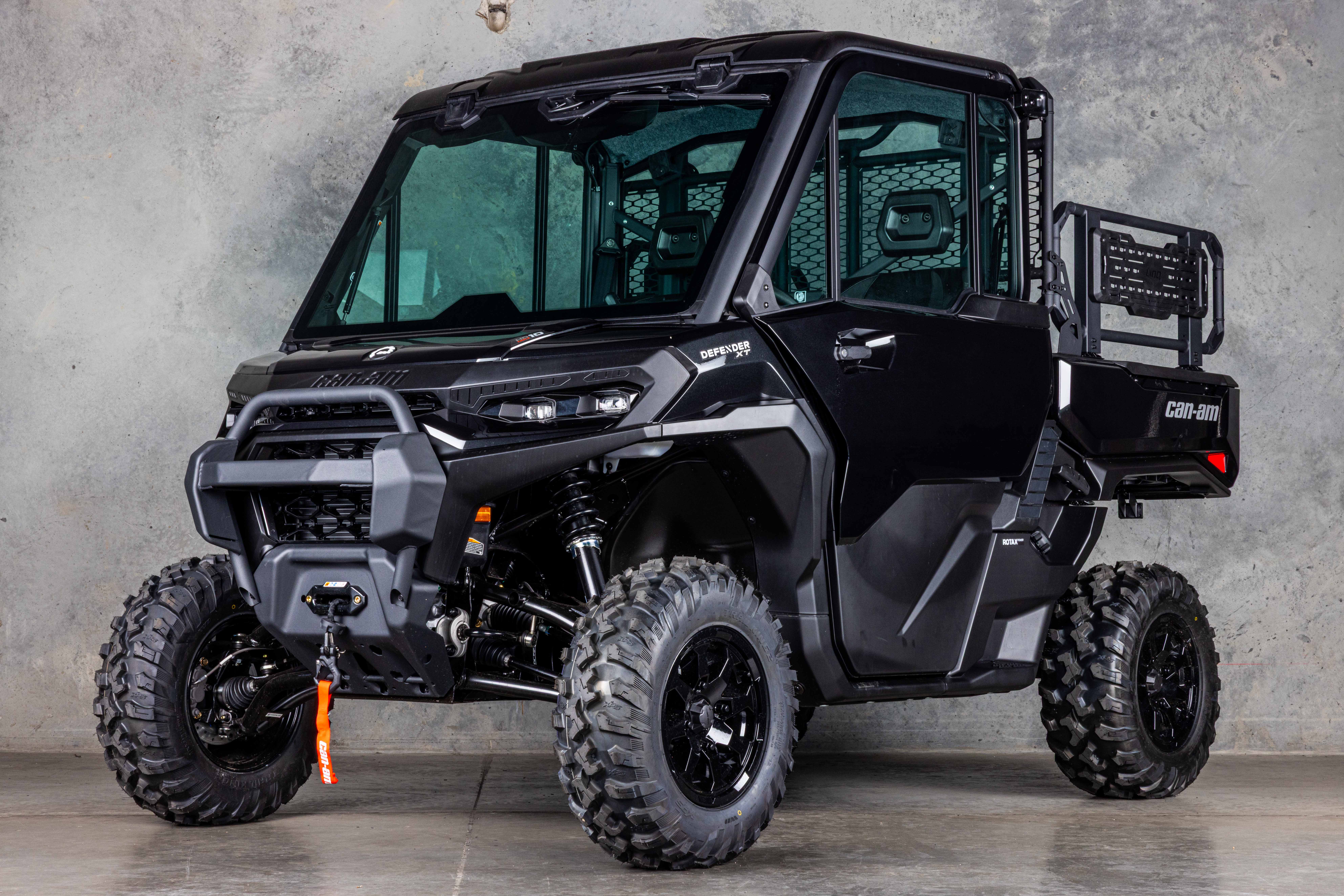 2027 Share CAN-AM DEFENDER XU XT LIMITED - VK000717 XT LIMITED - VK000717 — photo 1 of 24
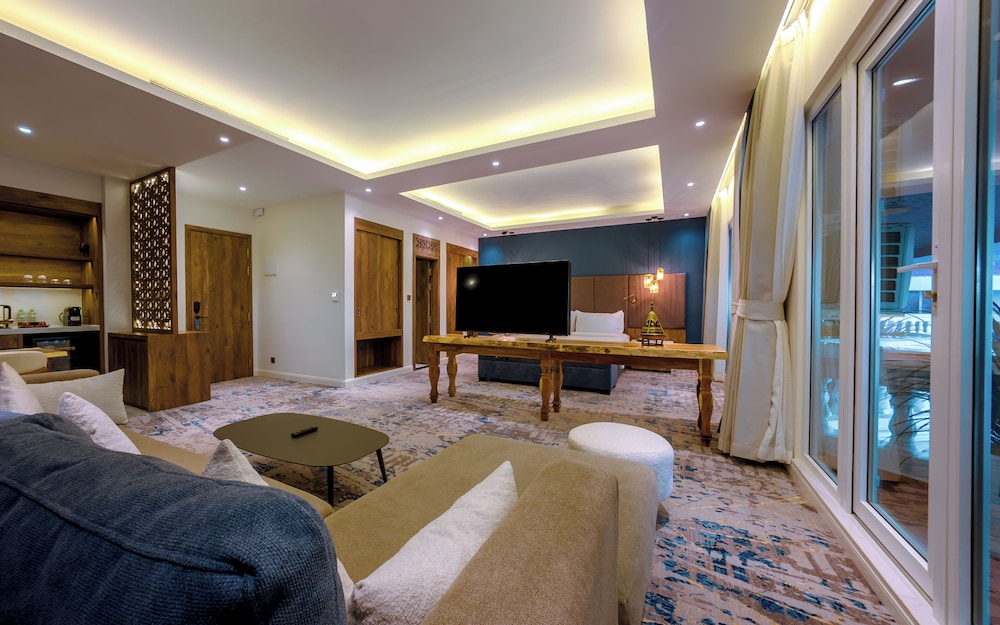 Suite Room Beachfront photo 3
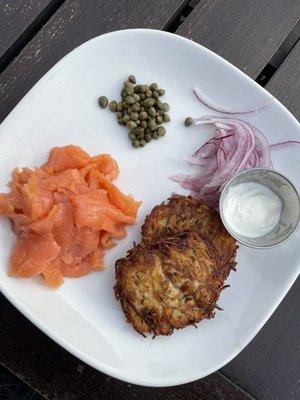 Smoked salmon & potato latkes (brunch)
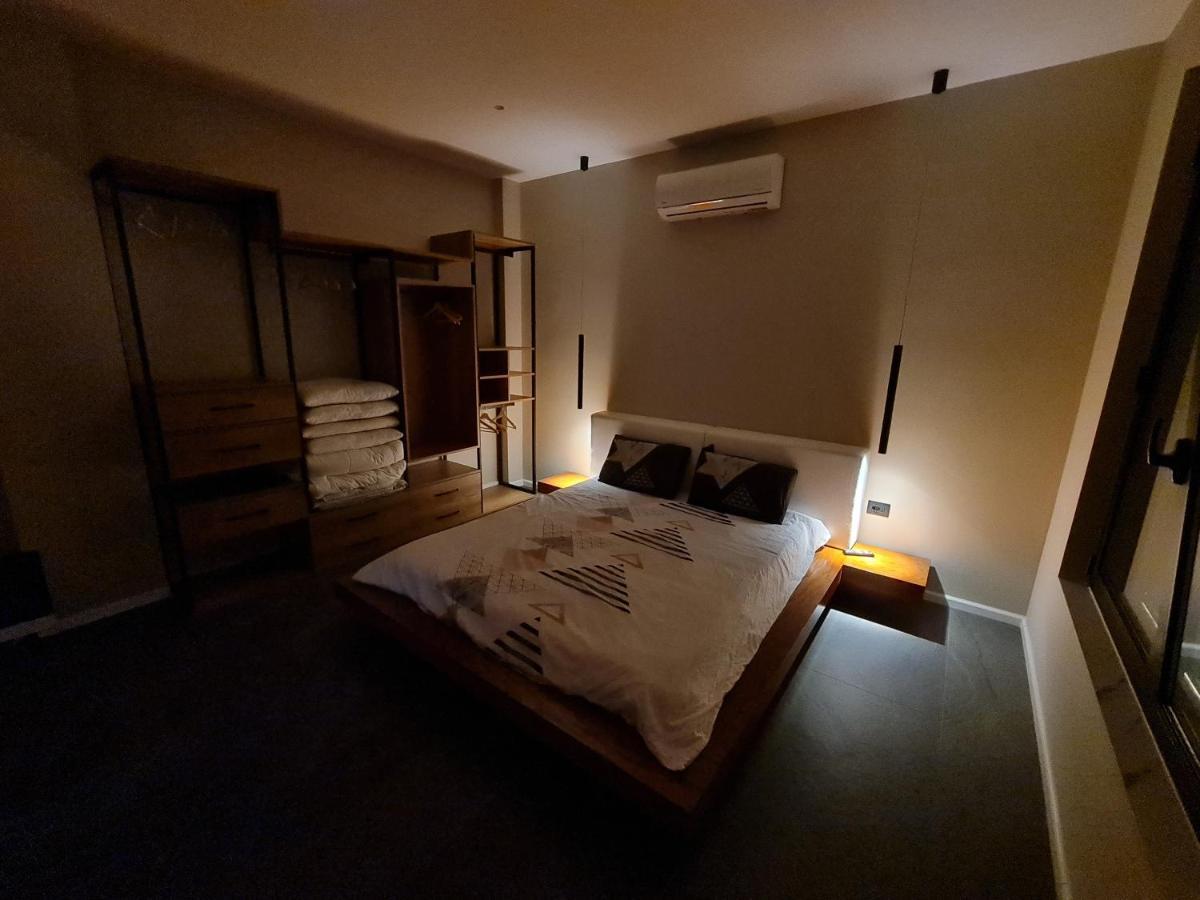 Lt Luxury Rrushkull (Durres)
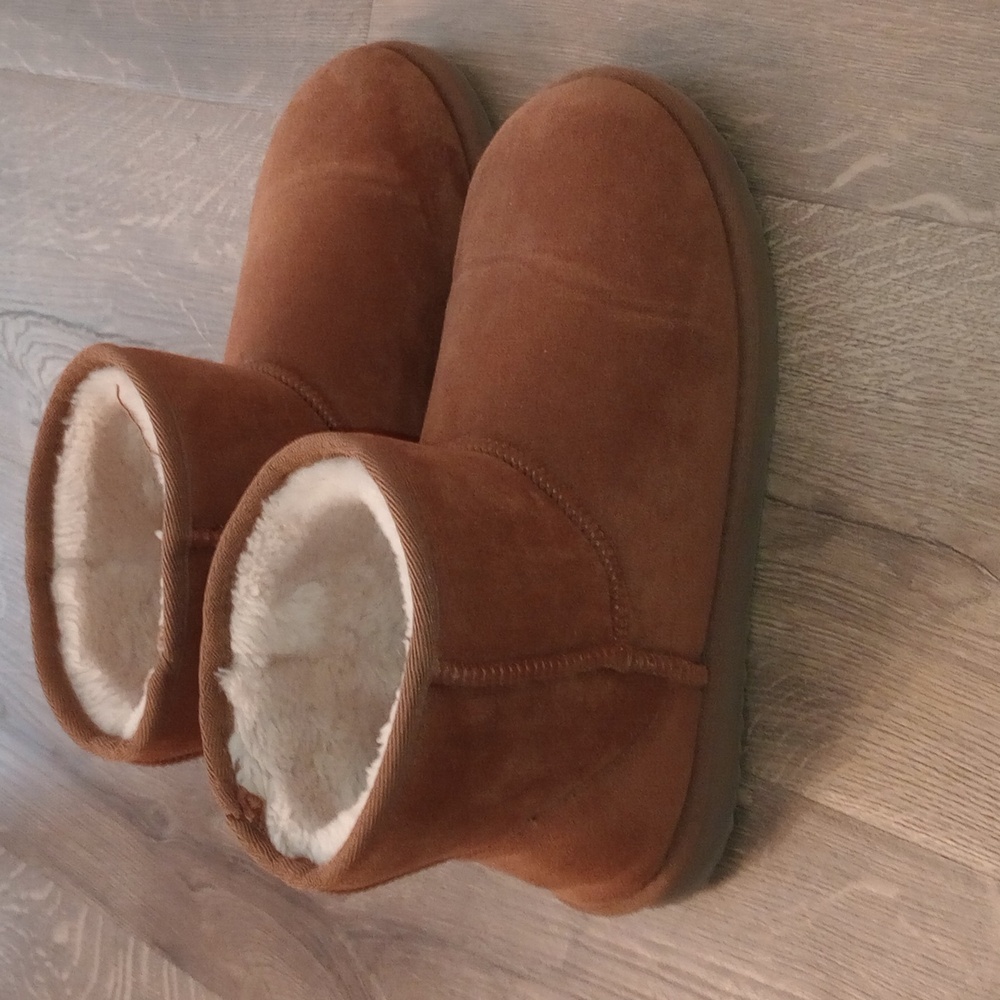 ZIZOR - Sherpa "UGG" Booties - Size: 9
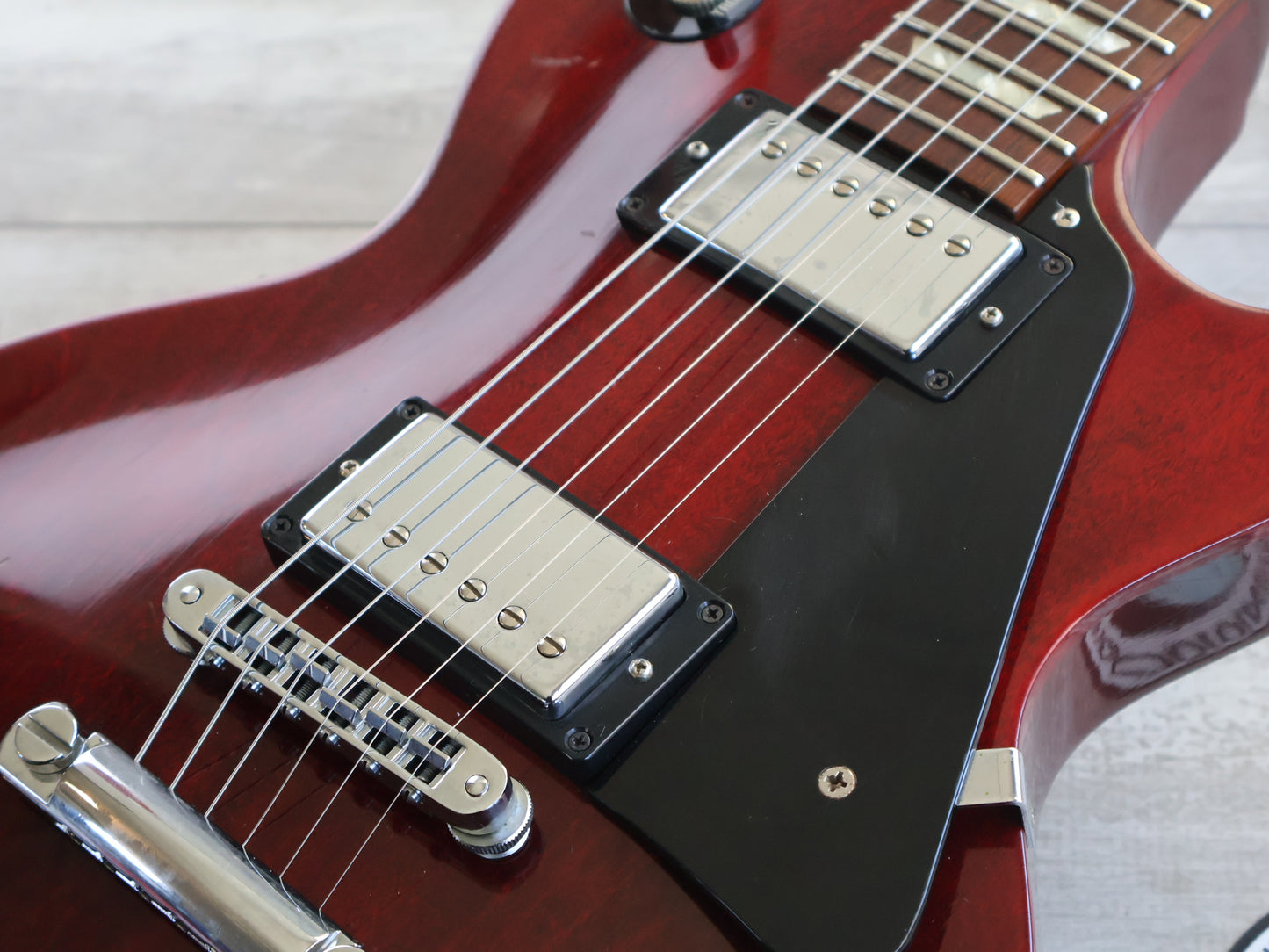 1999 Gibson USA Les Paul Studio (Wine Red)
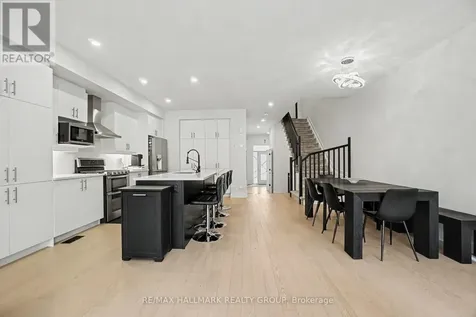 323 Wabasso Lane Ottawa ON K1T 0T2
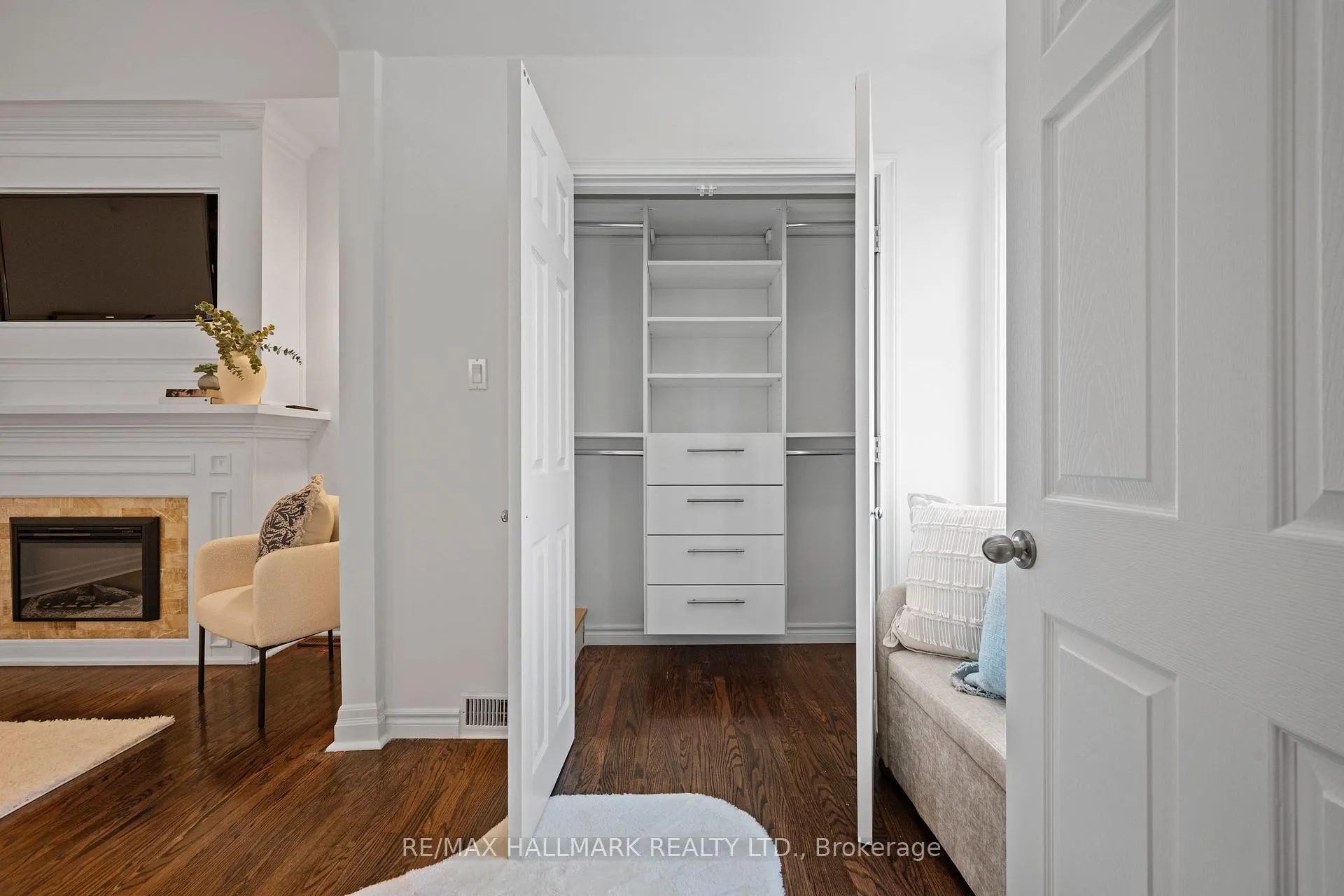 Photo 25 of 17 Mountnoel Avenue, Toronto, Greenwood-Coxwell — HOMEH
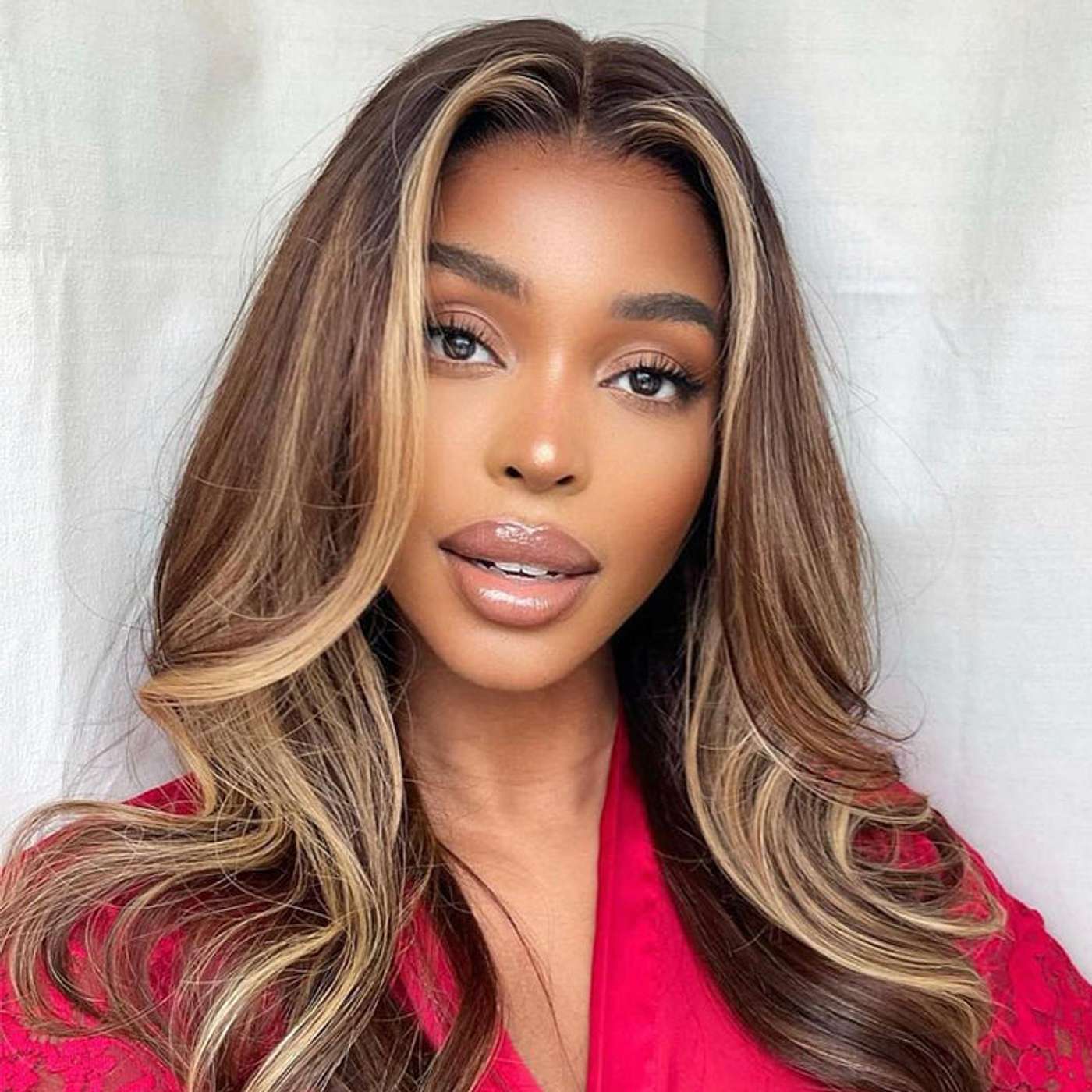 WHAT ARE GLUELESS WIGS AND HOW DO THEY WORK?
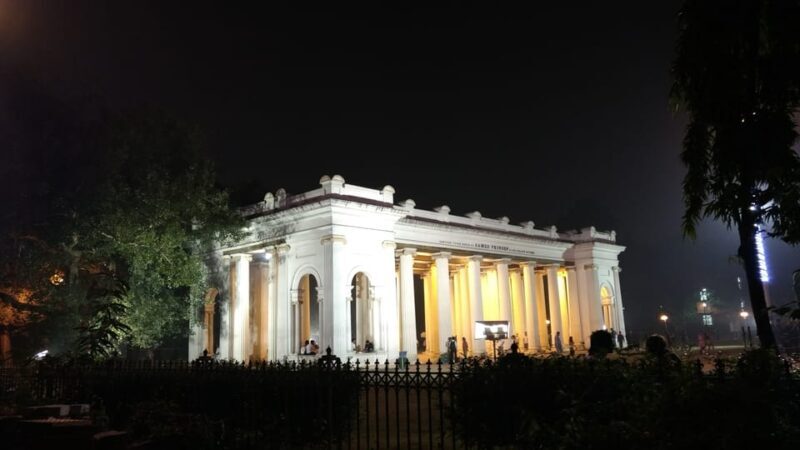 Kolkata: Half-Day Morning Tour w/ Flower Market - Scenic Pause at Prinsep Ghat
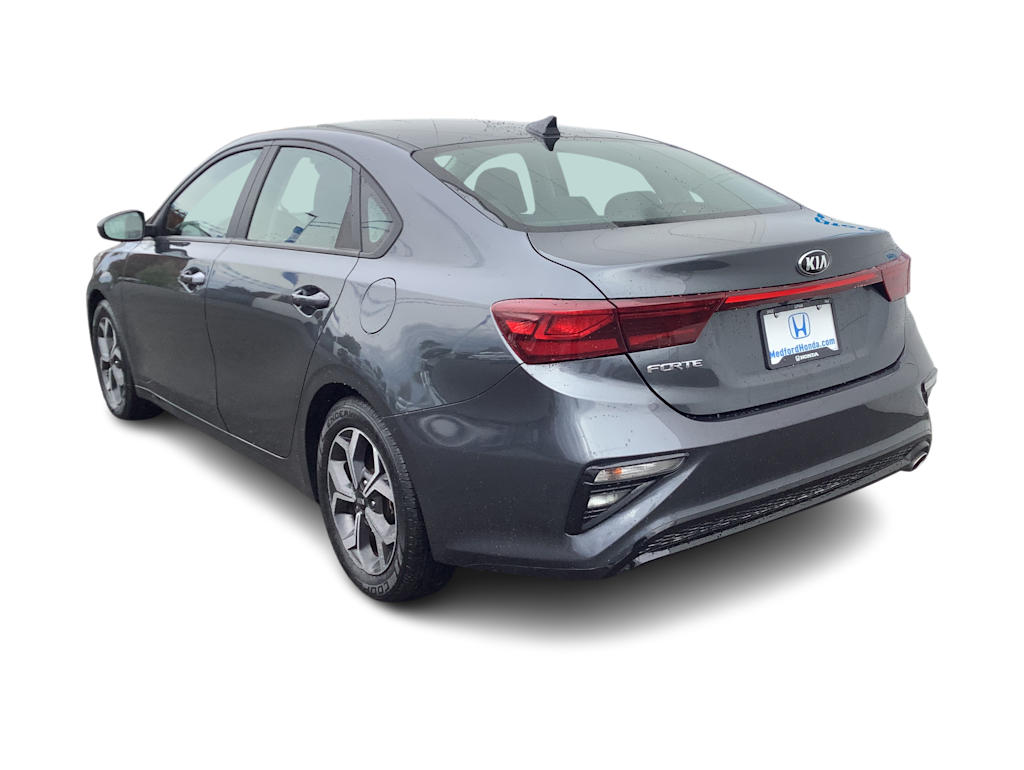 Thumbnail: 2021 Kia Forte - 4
========================================================================
Pictures stay out; retype only the lines from the line containing "323 Wabasso Lane Ottawa ON K1T 0T2" through the end of the listing, inclusive, exactly as they appear.

 323 Wabasso Lane Ottawa ON K1T 0T2
 Photo 25 of 17 Mountnoel Avenue, Toronto, Greenwood-Coxwell — HOMEH
 WHAT ARE GLUELESS WIGS AND HOW DO THEY WORK?
 Kolkata: Half-Day Morning Tour w/ Flower Market - Scenic Pause at Prinsep Ghat
 Thumbnail: 2021 Kia Forte - 4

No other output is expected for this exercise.